Let $A,B\in\mathcal{M}_{m×n}(\mathbb{F})$ be rectangular matrices ($m\le n$) over an arbitrary field $\mathbb{F}$, such that $A$ is of full row rank. Moreover, $\require{enclose} \enclose{horizontalstrike}{AB^T}A^TB$ is a symmetric matrix. Prove that there exists a symmetric solution to the matrix equation $XA=B$, where $X\in\mathcal{M}_m(\mathbb{F})$.
I've been solving a problem in multilinear algebra and it reduced to this problem.
First of all note that the system indeed has solutions. To prove this note that $XA=B$ has solutions iff $xA=B_i$ has solutions for $x$ where $B_i$ is the $i$-th row of $B$. This is obviously equivalent to $A^Tx={B_i}^T$ having a solution. Now note that since $A$ is of full row rank, $Ax=b$ has solutions for all $b\in\mathbb{F}^m$. Hence there exist $x_i\in\mathbb{F}^n : Ax_i=e_i$. Also since $A^TB$ is symmetric, $A^TB=B^TA\implies A^TBx_i=B^TAx_i=B^Te_i=(B^T)^i$ where $(B^T)^i$ is the $i$-th column of $B^T$. Therefore $(B^T)^i=(B_i)^T\implies A^T(Bx_i)=(B_i)^T$ which proves the claim. Hence, the system has a solution. (namely $X_0$) Now note that being of full row rank implies existence of at least one right inverse for $A$. Therefore $X_0A=B\implies X_0=BA^+$ is a solution to the system, where $A^+$ denotes the right inverse of $A$. (which is well-known not to be necessarily unique)

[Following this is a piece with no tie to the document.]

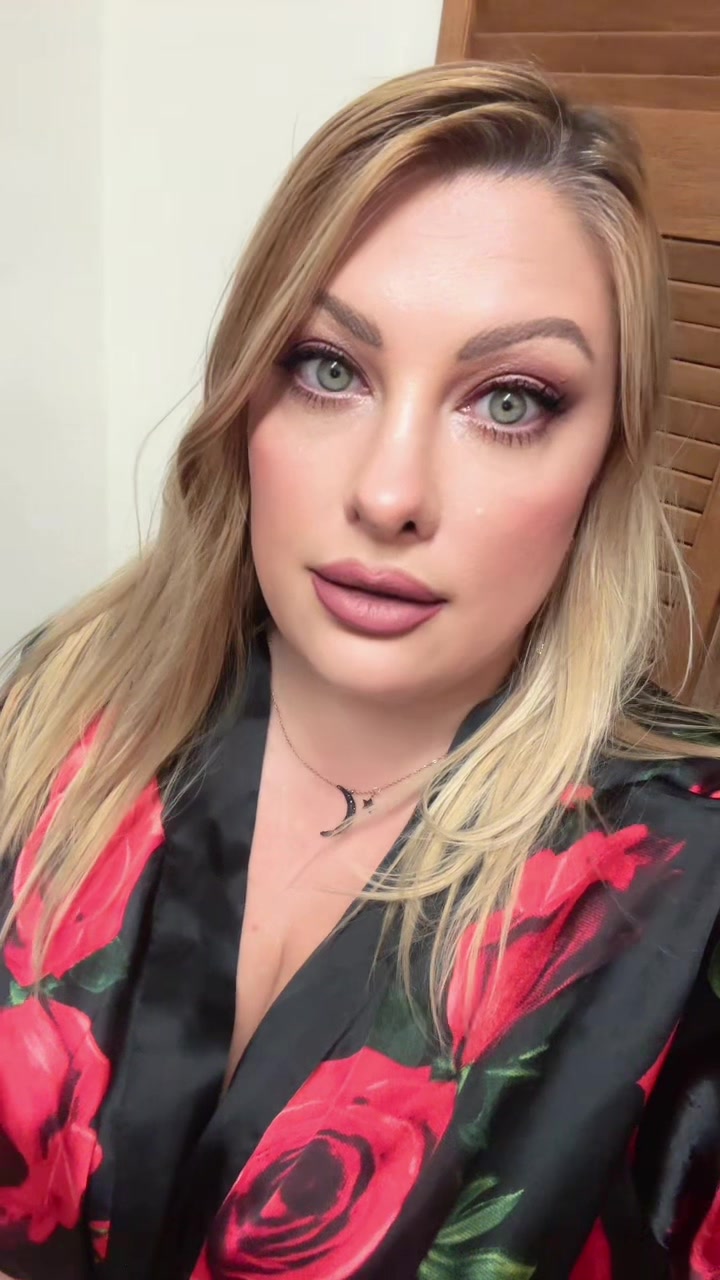 @Laura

Then, I was left to prove that $BA^+$ is symmetric. Although despite trying to tackle this claim numerous times, I've not succeeded in doing so. (actually I guess there would be counterexamples to it)
Another idea is to note that $XA=B\implies A^TX^T=B^T$. Hence, finding a symmetric solution to $XA=B$ is equivalent to finding simultaneous solutions to $XA=B, A^TX=B^T$. So I tried creating left, right inverses $A^+,{(A^T)}^-$ such that $({A^T})^-B^T=BA^+$ by noting that for any right inverse $A^+$: $$A^++[v\quad v\quad\dotsb\quad v] , \forall v\in \mathbf{ker}(A)$$ is also a right inverse of $A$, noting that $\mathbf{ker}(A)$ is non-empty due to rank-nullity theorem unless $m=n$. Though I failed with this approach as well.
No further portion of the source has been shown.